Looks like the heartbeat thread died near the time that explains the heartbeat timeout. From the driver exception:

Executor heartbeat timed out after 137823 ms

That means the last heartbeat seen by the driver was approximately at 21:41:26 - 00:02:17 = 21:39:09 which is just before the exception message seen in the executor.

jlowe commented 11 months ago

This is a bug in Spark 3.3.2, fixed in Spark 3.3.3 and Spark 3.4.0 (which explains why we never see it in Spark 3.4), see SPARK-39696. We should move our Scala 2.13 pipelines off of Spark 3.3.2 and use Spark 3.3.3 as the baseline for 3.3.x testing.

NVnavkumar commented 11 months ago

This comment on the PR that fixes the bug confirms the environment (Scala 2.13, JVM 17) this error would show up in https://github.com/apache/spark/pull/37206#issuecomment-1186993269

pxLi commented 11 months ago

This is a bug in Spark 3.3.2, fixed in Spark 3.3.3 and Spark 3.4.0 (which explains why we never see it in Spark 3.4), see SPARK-39696. We should move our Scala 2.13 pipelines off of Spark 3.3.2 and use Spark 3.3.3 as the baseline for 3.3.x testing.

Previously these 2 versions were selected to cover similar dataproc serverless runtimes. Please let us know,

  1. Which shim we should use to cover previous scenarios for DP
  2. Do we also need to remove 333- out of scala213 build and test list https://github.com/NVIDIA/spark-rapids/blob/branch-23.12/scala2.13/pom.xml#L810-L818 https://github.com/NVIDIA/spark-rapids/blob/branch-23.12/scala2.13/pom.xml#L792-L795

@sameerz @SurajAralihalli @NVnavkumar @GaryShen2008 cc @NvTimLiu

NVnavkumar commented 11 months ago

This is a bug in Spark 3.3.2, fixed in Spark 3.3.3 and Spark 3.4.0 (which explains why we never see it in Spark 3.4), see SPARK-39696. We should move our Scala 2.13 pipelines off of Spark 3.3.2 and use Spark 3.3.3 as the baseline for 3.3.x testing.

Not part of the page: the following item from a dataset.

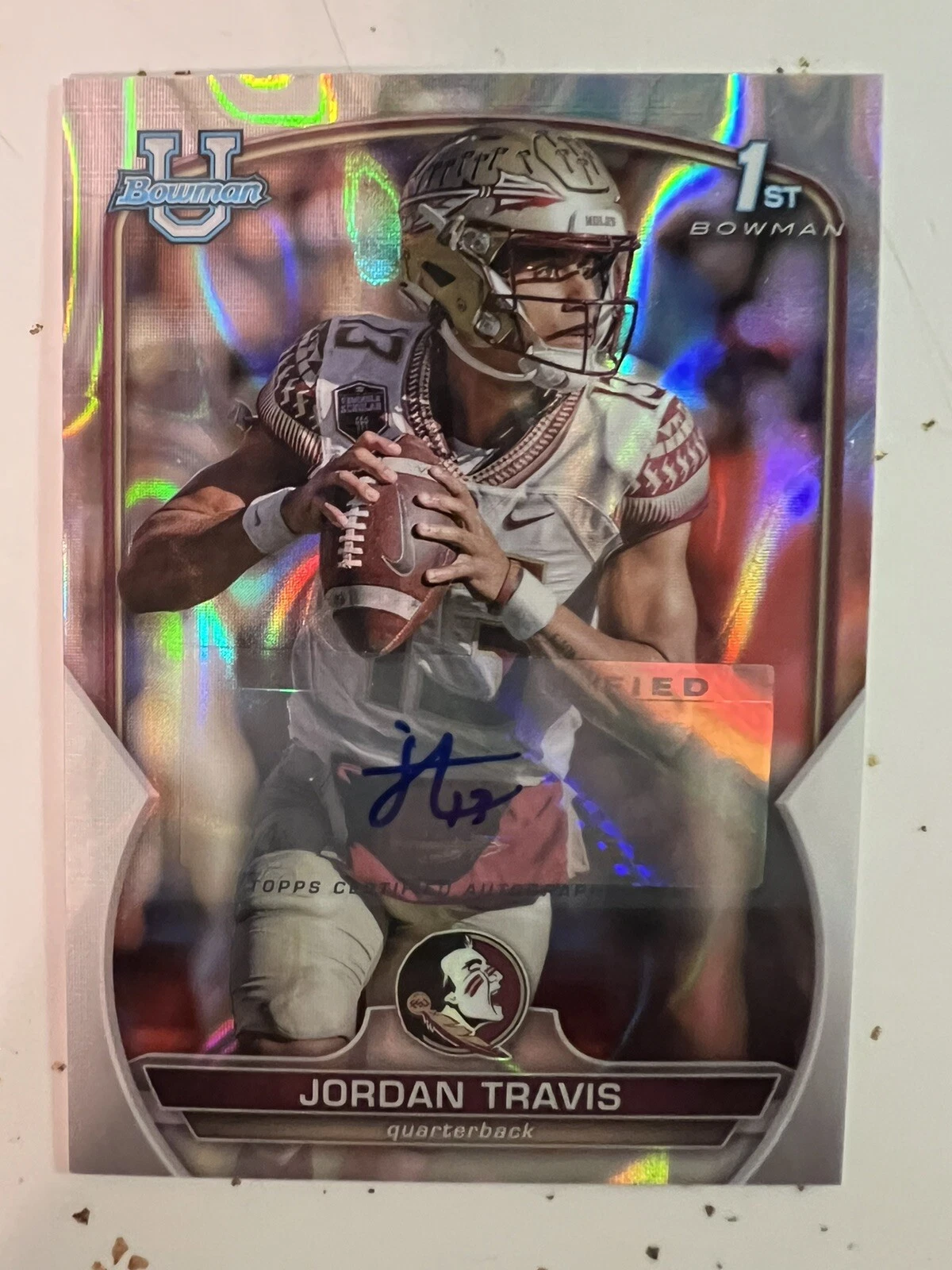 2022 Bowman Chrome University Jordan Travis 1st Auto Lava Refractor /199 XRC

Previously these 2 versions were selected to cover similar dataproc serverless runtimes. Please let us know,

1. Which shim we should use to cover previous scenarios for DP

2. Do we also need to remove 333- out of scala213 build and test list
   https://github.com/NVIDIA/spark-rapids/blob/branch-23.12/scala2.13/pom.xml#L810-L818
   https://github.com/NVIDIA/spark-rapids/blob/branch-23.12/scala2.13/pom.xml#L792-L795

@sameerz @SurajAralihalli @NVnavkumar @GaryShen2008 cc @NvTimLiu

I think the plan now would be just to replace Spark 3.3.2 scala 2.13 integration test run with Spark 3.3.3, and keep 3.4.0 and 3.5.0 runs as is. I don't think we need to update the pom files at this time (correct me if I'm wrong @jlowe)

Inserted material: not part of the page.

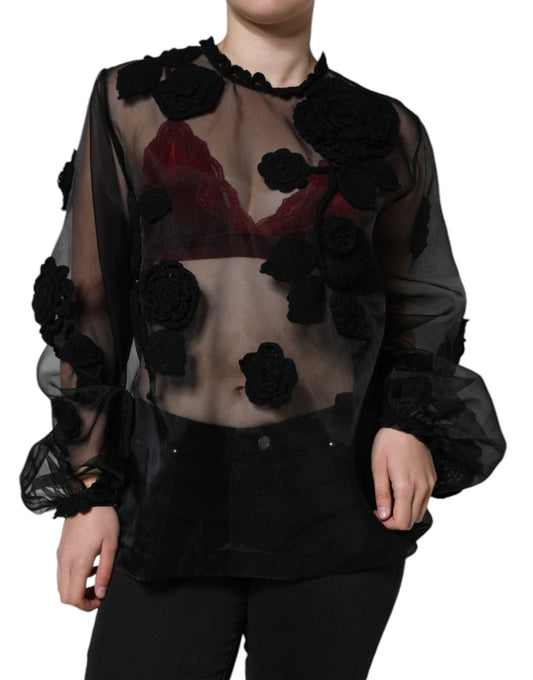 Dolce & Gabbana Black Nylon Mesh Transparent Floral Women's Blouse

jlowe commented 11 months ago

I don't think we need to remove 3.3.2 support, but we cannot reliably test against Apache Spark 3.3.2 due to the known issue

Re: Dataproc serverless, testing against 3.3.3 should be close enough, or we would need to run against a custom Apache Spark 3.3.2 version that has the fix for SPARK-39696 applied.

Re: premerge, I do think we need to modify the pom file to adjust the premerge so we're doing a premerge against 333 instead of 332 due to the known issue with running with Spark 3.3.2 + Scala 2.1.3. I'll post a PR to do that shortly.

pxLi commented 11 months ago

I don't think we need to remove 3.3.2 support, but we cannot reliably test against Apache Spark 3.3.2 due to the known issue

Re: Dataproc serverless, testing against 3.3.3 should be close enough, or we would need to run against a custom Apache Spark 3.3.2 version that has the fix for SPARK-39696 applied.

Re: premerge, I do think we need to modify the pom file to adjust the premerge so we're doing a premerge against 333 instead of 332 due to the known issue with running with Spark 3.3.2 + Scala 2.1.3. I'll post a PR to do that shortly.

Thanks for the update!

Let me close this ticket. Feel free to reopen if require some other ops.